Welcome to FiveThirtyEight’s politics chat. The transcript below has been lightly edited.

EDITOR’S NOTE (May 12, 2021, 9:27 a.m.): House Republicans booted Rep. Liz Cheney from leadership, given her refusal to back down from criticizing former President Donald Trump and his baseless claims that the 2020 election was stolen from him. Last week, we talked about what Cheney’s ousting would mean for the Republican Party moving forward.

sarah (Sarah Frostenson, politics editor): Liz Cheney is once again in danger of losing her position as the No. 3 House Republican.

Earlier this week, she criticized former President Donald Trump on Twitter for continuing to falsely claim that the 2020 election was stolen from him, saying that:

Cheney, of course, is no stranger to criticizing the former president. She was one of 10 House Republicans who voted to impeach Trump after a mob of his supporters attacked the U.S. Capitol on Jan. 6. And she has already survived one attempt from her party to push her out of leadership because of this vote. 

Cheney is unlikely to survive a second attempt to oust her, however.
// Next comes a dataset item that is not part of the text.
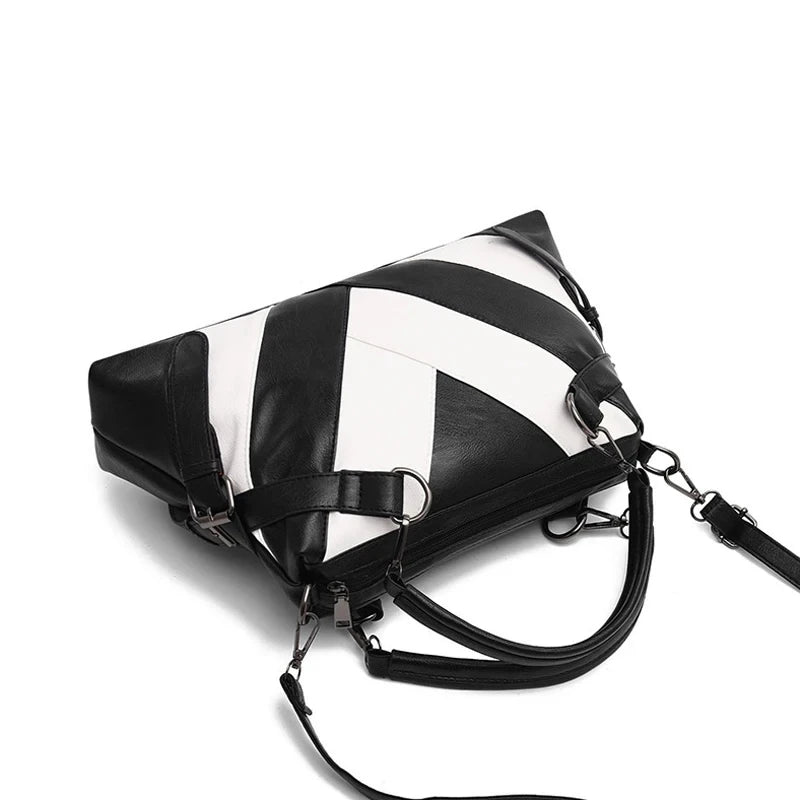 Women's Solid Color Patchwork Shoulder Bag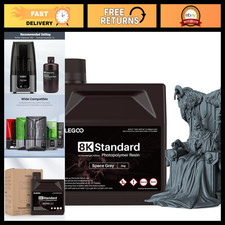 8K Standard 3D Printer Resin - Space Grey, High Precision, 2000G for UV LCD Prin picture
In leaked audio on Tuesday, House Minority Leader Kevin McCarthy said, “I’ve had it with her,” and many House Republicans have expressed similar frustrations with Cheney’s leadership — upset that so much attention has been focused on the GOP’s intraparty bickering.

Republicans can govern without winning a majority. That threatens our democracy.

So, let’s talk about why Cheney is once again on the chopping block and what that means for the Republican Party moving forward — that is, can we finally stop debating whether the GOP is Trump’s party now? 

But first: the role of the “Big Lie.” For a while now, refusing to accept the results of the 2020 election has proven a fealty test of sorts to Trump, and it’s one Cheney has refused to take. How much of that is responsible for Cheney’s current situation versus her politics being increasingly out of step with the rest of the party?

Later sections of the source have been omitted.